INPUT DATA:
***

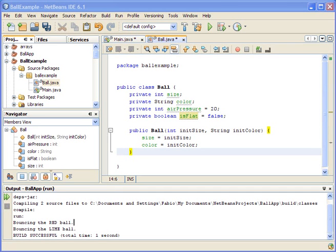All right, let's continue with video number two, where we left off before. In video number one, we created a Ball class, which is a blueprint of the ball object that we're going to use.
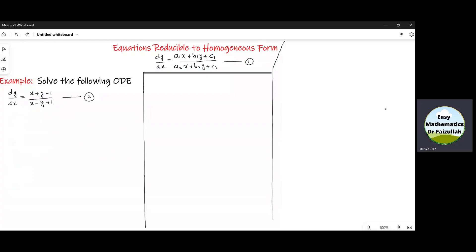In the previous part of this lecture, we studied that an equation of the form can be reduced to the homogeneous form. We studied two cases. Now let us solve this example.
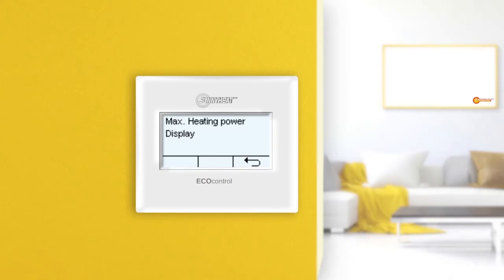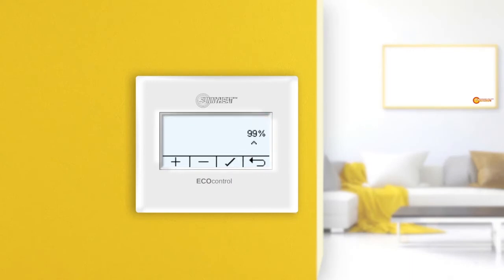What is the Maximum Heating Power menu? In the Maximum Heating Power menu, you can set the maximum power with which the Sunnyheat infrared heater is allowed to heat. Each Sunnyheat infrared heater has an integrated control system, meaning the heating power is automatically regulated as needed.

***

TASK TO CARRY OUT:
Omitting the pictures, write out the material above exactly as it stands.

RESPONSE FOR THIS EXERCISE:
All right, let's continue with video number two, where we left off before. In video number one, we created a Ball class, which is a blueprint of the ball object that we're going to use.
In the previous part of this lecture, we studied that an equation of the form can be reduced to the homogeneous form. We studied two cases. Now let us solve this example.
What is the Maximum Heating Power menu? In the Maximum Heating Power menu, you can set the maximum power with which the Sunnyheat infrared heater is allowed to heat. Each Sunnyheat infrared heater has an integrated control system, meaning the heating power is automatically regulated as needed.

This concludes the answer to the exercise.